This year the San Luis Obispo county school district has started making drastic changes to the Homecoming Courts. With a growing need for representation and equality for all students, plus the legalization of non-binary as a gender in California, many teachers and staff decided that rewarding students for their individuality, not their gender or relationship status, was more practical. For Morro Bay High School, that means that there will not be a Homecoming Queen or King this year, but rather a 14 person Homecoming Court. This will consist of three freshmen, three sophomores, three juniors, and five seniors. People will run together in groups of three and still perform skits. They will appear in alphabetical order on the ballots, and students will vote for their top individual students.

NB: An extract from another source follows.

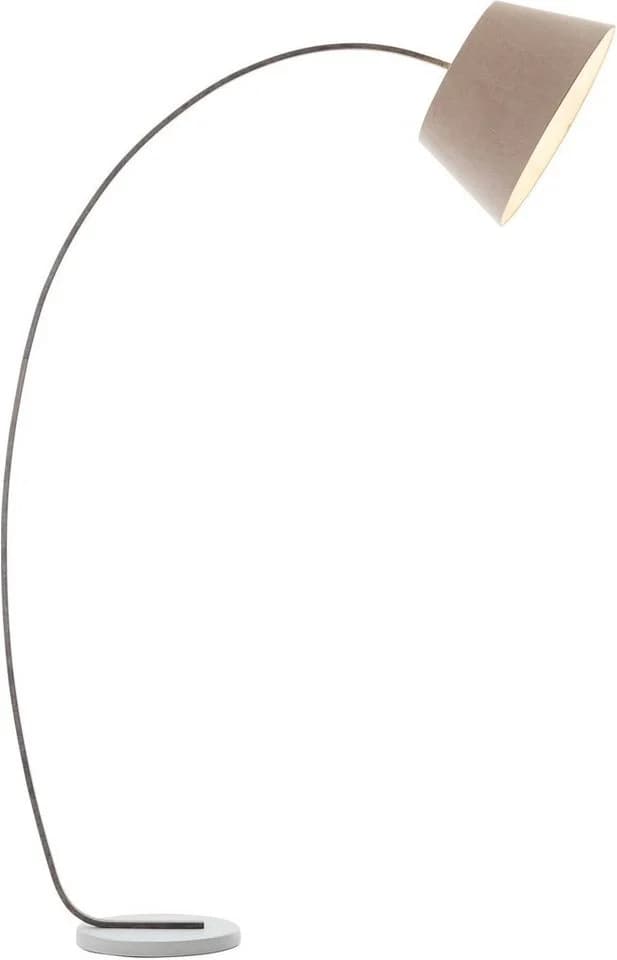 BRILLIANT Bogenlampe Brok Taupe Grau Schwenkbar Beton Metall - Bild 2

The new changes have left the community and school feeling split. For many older community members, Homecoming Queen and King is a hundred-year-old tradition, and the change feels sudden and uncalled for. However, many members of the LGBTQ+ community feel like the change will bring about more representation, and a feeling of normality for students questioning their gender. Teacher and ASB coordinator Megan Weitzen speaks up about the controversy, “I do think it will be both ways in our community. I think some people will appreciate it, or at least understand it, because we are celebrating more students than in the past. That has more families whose child is being recognized, so I’m hoping that they will see that we are celebrating more kids… I personally don’t think a Queen should win and have to have a King by her side, and that a King should win and have to have a Queen by his side.” She then went on to say, “I am hoping that the idea of celebrating everyone will trump any negativity about losing the Queen and King tradition, which is kind of an old fashioned, silly tradition.”
I personally am in a moral gray area. As a member of the LGBTQ+ community and a person with lots of non-binary and gender fluid friends, I understand the need for representation in our community. However, this change to Homecoming Courts feels isolating and unfair. It feels less like the community is treating LGBTQ+ teens as normal, and more like they are putting us on a pedestal and making a big deal over something that did not need to be a big deal. My biggest goal as a pansexual teen is to have people understand my sexuality, but not treat me as special or different. Whenever teachers make a big deal out of treating everyone equally, I feel even more weird, like people no longer see me as a normal teenager, they just see me as a part of this group. Taking a huge community event like Homecoming and changing it to make us fit in does not make us feel like we fit in. Nonetheless, I understand the changes, and now that they have already been set in place I will still respect the people who choose to run.